BY Ian Dunn | December 24 | 1 COMMENT print
Fresh anti-Catholic e-mail claims may further damage the SFA
A second anti-Catholic e-mail scandal may this week rock the Scottish Football Association.
The SFA drew stern criticism from the Church earlier this month after earlier allegations that a number of offensive e-mail about the Pope had been sent on from its offices. Five members of staff were fired, including the head of referee development Hugh Dallas (far right).
The five are now set to appeal their dismissal, and a Scottish Sunday newspaper has reported that the basis of their appeal is evidence of further anti-Catholic e-mails being spent by many members of the organisation. They say that a video depicting a young boy protecting himself with a ‘priest repellent spray was circulated by senior staff.
A spokesman for the Catholic Church said it was vital that the SFA was consistent in its treatment of bigotry.
“It’s important that an employer who has an acceptable use policy applies it consistently,” he said.
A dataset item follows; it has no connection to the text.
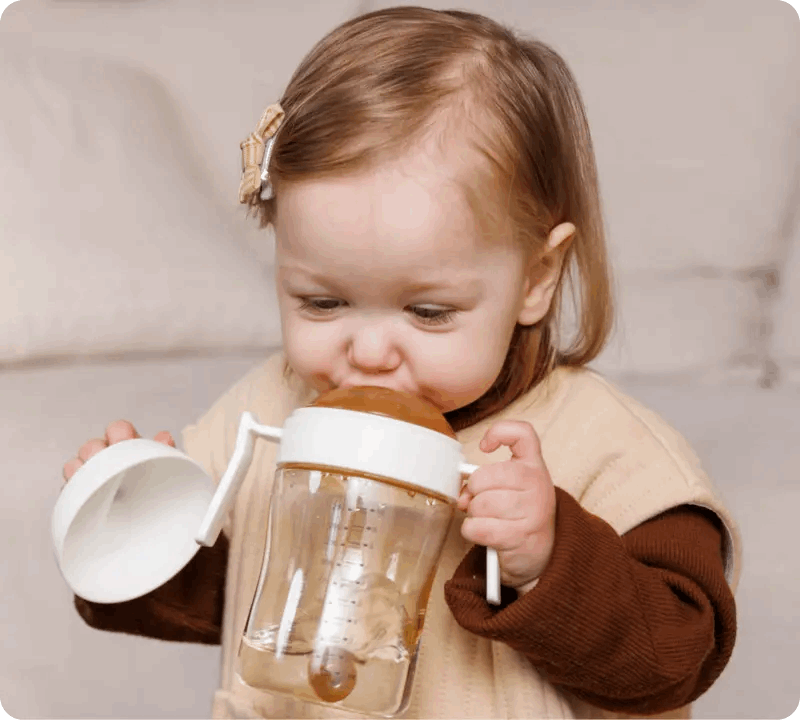 Zahnpflege-Trinklernbecher 300ml (Weiß) - Thibs Baby Club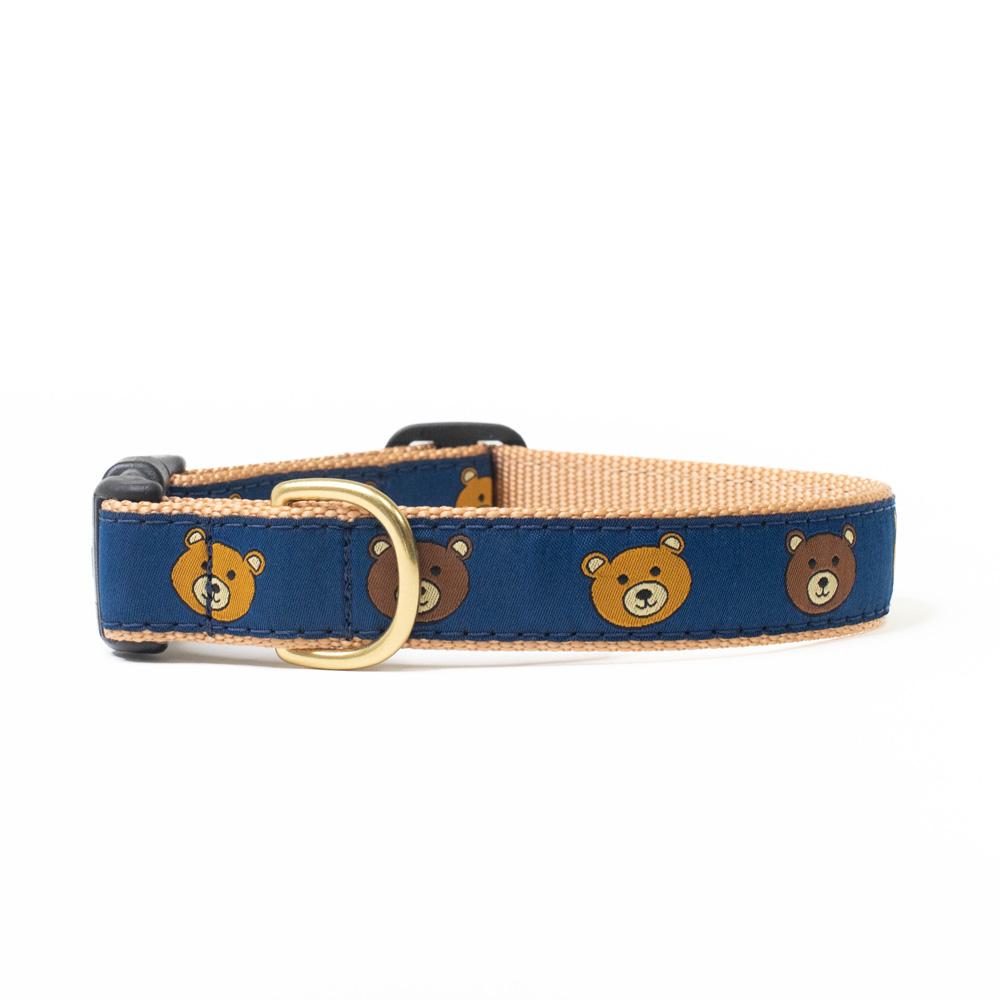 Up Country Dog Collar, Teddy, 1-in x 12-18-in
You can’t have one rule for one group and a different rule for others.”
Peter Kearney (above main), director of the Scottish Catholic Media Office, was widely lauded for penning a newspaper article this month in response to the furore following the first allegations of e-mails within the Scottish Football Association mocking Pope Benedict XVI on the day of the Papal visit in September.
Mr Kearney said the reaction to his request for an SFA investigation had revealed the ‘deep and wide layer of anti-Catholicism’ that exists in Scotland.
Composer James MacMillan and Michael McGrath, the head of the Scottish Catholic Education Service, were among those who have followed Mr Kearney’s lead in expressing their disgust at the anti-Catholicism in Scotland today, as did a senior member of the Church of Scotland.
Last week, when speaking at the annual Carol Service for Christians in Government at Westminster Cathedral, London, Cardinal Keith O’Brien said: “In Scotland Catholics have raised their voices against sectarianism and intolerance directed against the Church. Clearly, these actions show that freedom of religious expression, a basic human right, is not upheld in our midst as widely and as completely as it should be.”
Religious tolerance is an intrinsic part of freedom and democracy. Can those who hate the Catholic Church in the UK honestly say that there is nothing to be ashamed of in their own past or in the way in which their religious group started off?